Help your child with virtual schooling
For a lot of students, showing up at school now means putting in their earbuds and logging on.
Many schools have moved to virtual learning to help slow the spread of COVID-19. But it's posing challenges for kids, teens, and parents alike. As a parent, you may find yourself playing a significant role in your child's home learning.
For helpful hints on making this new type of schooling work for your family, check out this advice from the American Academy of Pediatrics, the Centers for Disease Control and Prevention, and other experts.
- Talk to your child's teacher. Be sure to ask questions. For instance, how much time should your child spend each day learning online? Let the teacher know what's working and what isn't.

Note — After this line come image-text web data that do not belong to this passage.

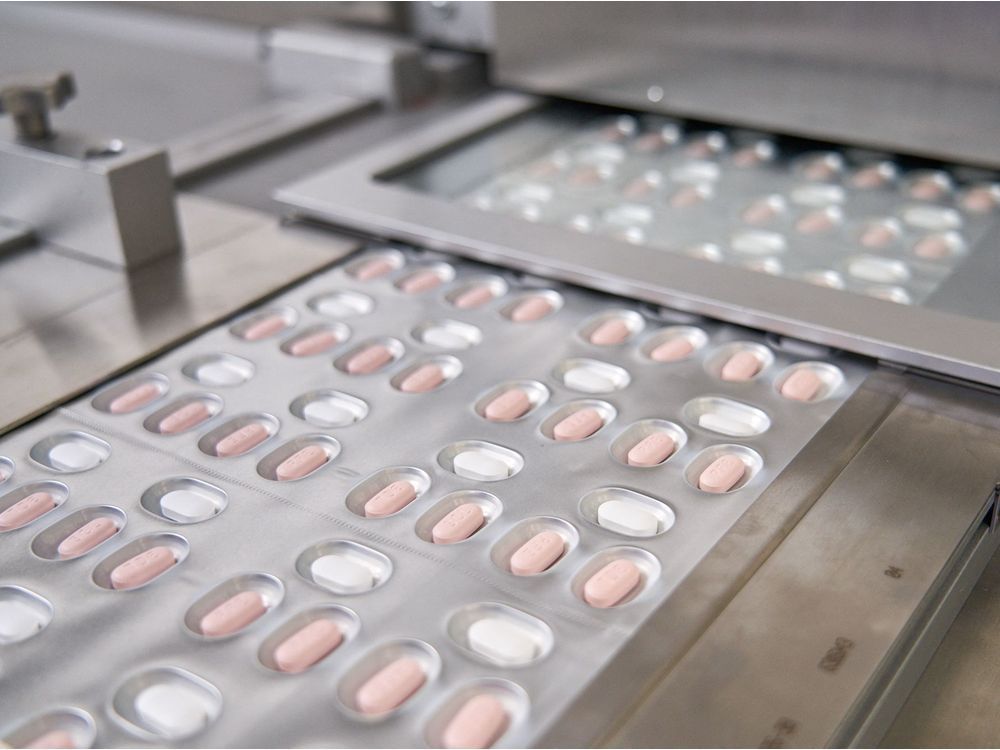 this handout file photo provided on nov. 16, 2021, courtesy of pfizer, shows the making of its experimental covid-19 antiviral pills, paxlovid, in freiburg, germany.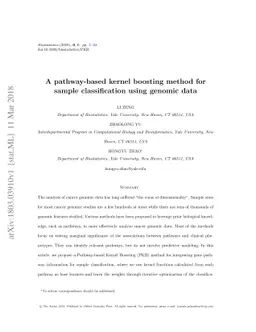 A pathway-based kernel boosting method for sample classification using
  genomic data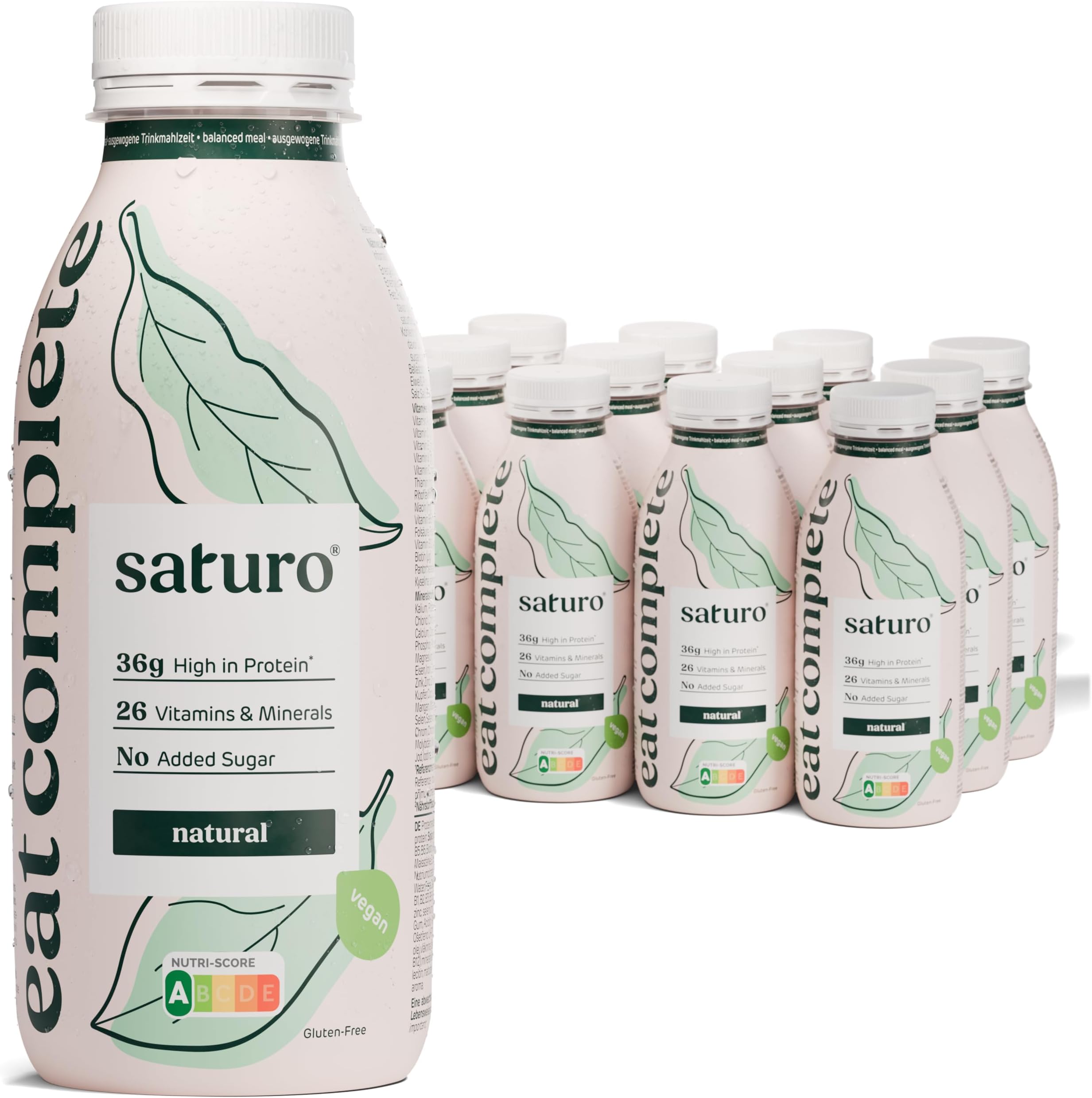 Saturo Meal Replacement Shake Natural | 36 g Protein, sugar-free, 400 kcal | Drinkable Food with Valuable Nutrients | 6 x 400 ml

- Stick to a daily schedule. Children do better when they have a structured routine, including a schedule for waking up and attending virtual school. Your family's schedule may
depend in part on when you can help with your child's learning. Figure out what works best for your family, and do your best to stick with it.
- Set up a virtual school desk. If you can, have your child study in a quiet, uncluttered area, away from television and other distractions. Maybe that's in the dining room or living room. If you can fit a small table or desk in the room, that's great. Good lighting helps too.
- Make time for lunch and recess. Taking breaks and making time for physical activity are important in virtual school. For example, you could play or take a walk with your child. Find out if your child's school provides nutritious take-home meals for students.
- Check in with your child. Ask how school is going and how your child is feeling. Spend time together doing fun things after school.